Monday, January 17, 2005

4th January 2005

Day1 cycling: Mumbai to Shahapur: Total 102.64 km. 6hrs 54mins ride time. MAX = 38.6km/hr. AVS = 15.36 km/hr – a little slow but a lot of time spent getting through Mumbai (around 20km until out of Mumbai). Road conditions were generally good, although the surface became a bit rough over the last 15km. Overall, not a very interesting ride – mainly highway, and not so many places to stop for a cup of tea. When I did, people seemed a little incredulous to see me, as if I was an astronaut just off the space shuttle – people seem baffled to see a westerner on a bicycle & would stand around and gawk at me and the bicycle (and they do tend to fiddle with bike bits) … just doesn’t make sense to them. I started to run out of puff after about 90 km (!), but there seemed nowhere evident that I could stay. After another 10km or so I arrived at the small town of Shahapur, which seemed an unlikely place to have a guesthouse or any accommodation, and my attempts at asking led to a few ‘bum steers’. (At this point, I recalled that many Indians prefer apparent helpfulness to accuracy, and may well make up an answer and point in any old direction, rather than admit they don’t know. This cost me about 15kms on the trip, when I took a wrong turn based on faulty directions.) It was beginning to look hopeless when a young boy understood my request for “accommodation” and took me to the Engineers’ Training School (I think that’s what it was) where he and some other lads aged 16 to 19 helped negotiate me a room there. For 200 Rp (about 6 Australian dollars) I was given a room with a fan and bathroom with hot water. I felt stuffed but so pleased to be able to stop and rest. 100 km was probably a little too ambitious for my first day’s cycling.

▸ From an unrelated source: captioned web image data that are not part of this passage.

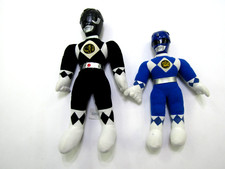 VTG Lot of 2 Mighty Morphin Power Ranger Plush Black Ranger  Blue Ranger 1993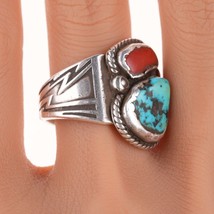 Sz12 Vintage Navajo sterling turquoise, and coral ring - £146.40 GBP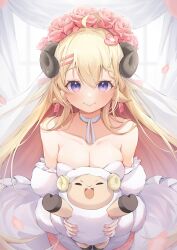 1girl absurdres alternate_costume animal_ears bare_shoulders blonde_hair breasts bride choker cleavage collarbone dress eat_some_cookie head_wreath highres holding hololive horns large_breasts long_hair looking_at_viewer purple_eyes sheep_ears sheep_girl sheep_horns smile tsunomaki_watame virtual_youtuber watamate wedding_dress white_choker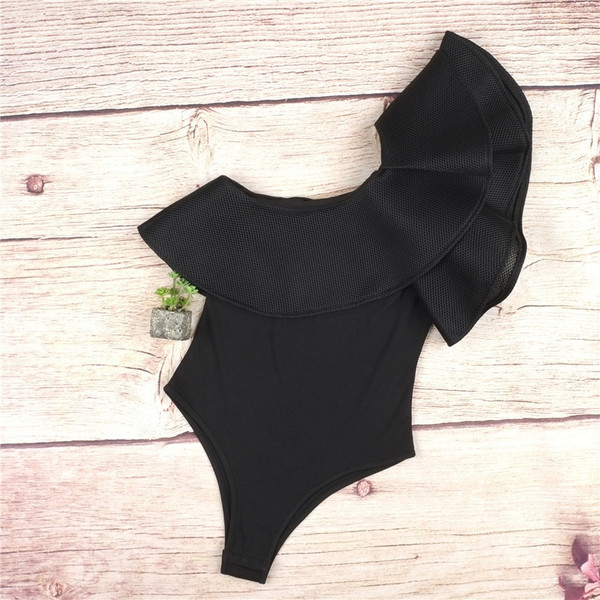 REJEA One shoulder ruffles fitness bodysuit fashion sexy hot slim bodycon jumpsuits solid ladies bodysuits rompers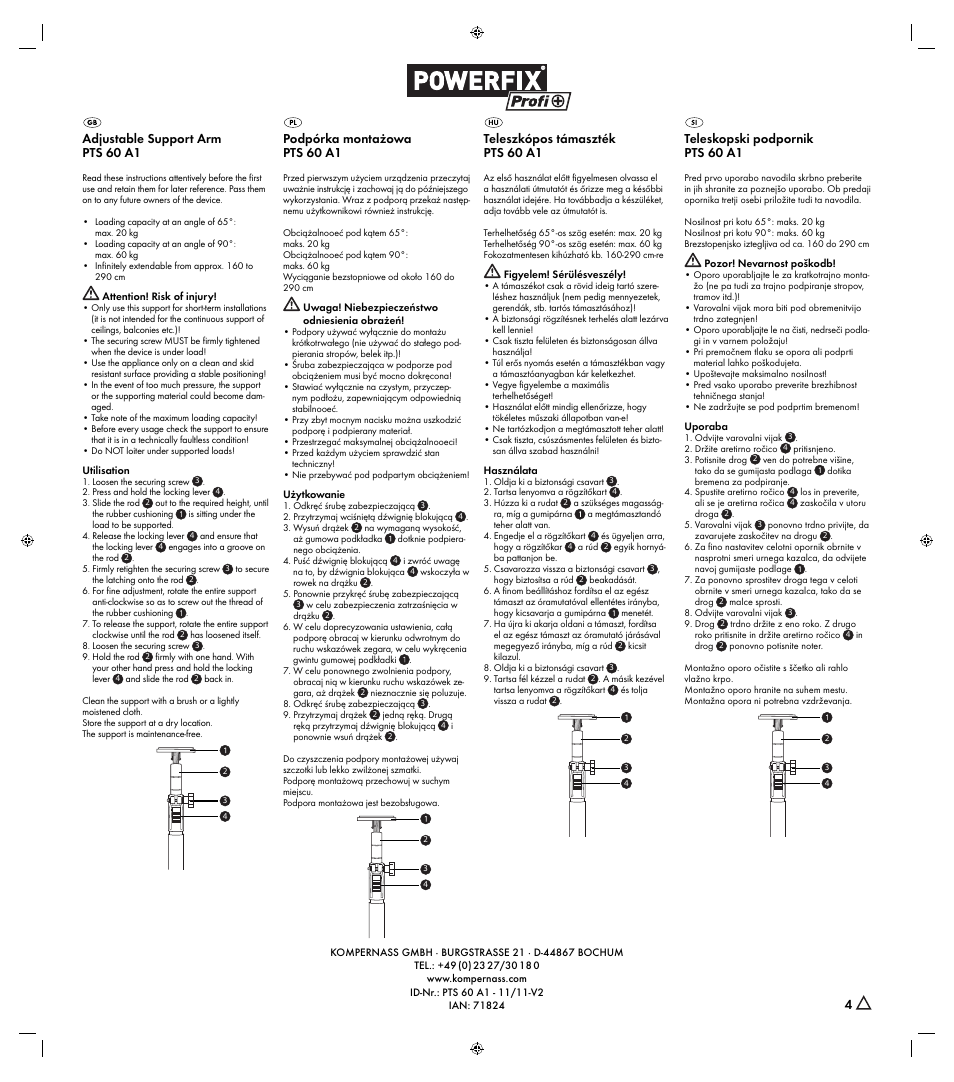 Powerfix PTS 60 A1 User Manual | 2 pages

I was a celebrity for an evening. The lads crowded into my room (nine of them at one stage, plus an engineer or two) plying me politely with questions (what I was doing, age, profession, marital status and so on) and examining my bike. Four of them invited me for a Chinese meal in a local restaurant. They were so very friendly, and at one stage a small squabble erupted over who would sit next to me at the restaurant. At the end of the evening they gave me some small gifts (a Hindi calendar and a small sort of flower arrangement), despite my protestations that I couldn’t fit anything else in my panniers.

Indians are usually very placid and friendly on person-to-person basis, but their aggression seems to become unleashed on the roads. Trucks and buses are relatively respectful when travelling in the same direction, and will give you a wide enough berth if possible when they overtake (unless there’s oncoming traffic also overtaking, in which case they’ll toot away indicating that they’re coming and you’d better watch out). Oncoming vehicles however have no scruples in forcing you off the bitumen when overtaking slower oncoming traffic. Funnily, oncoming traffic usually gives the best indication of when to be extremely cautious or to pull over onto the shoulder of the road.

Signs indicating blind curves are also another cue to be very careful, especially when the sign indicates no overtaking: Indians seem to regard these signs as an indicator to do just the opposite. I guess it’s because they can’t see anything ahead. Going downhill, especially when it’s a steep hill, can be particularly dangerous, as you’re likely to meet a whole phalanx of vehicles crawling uphill bunched up behind the slower vehicles. As soon as there’s a break in the traffic coming down the hill (a bicycle doesn’t count as traffic) every second vehicle pulls right out with a view to overtake, entirely filling the lanes in both directions.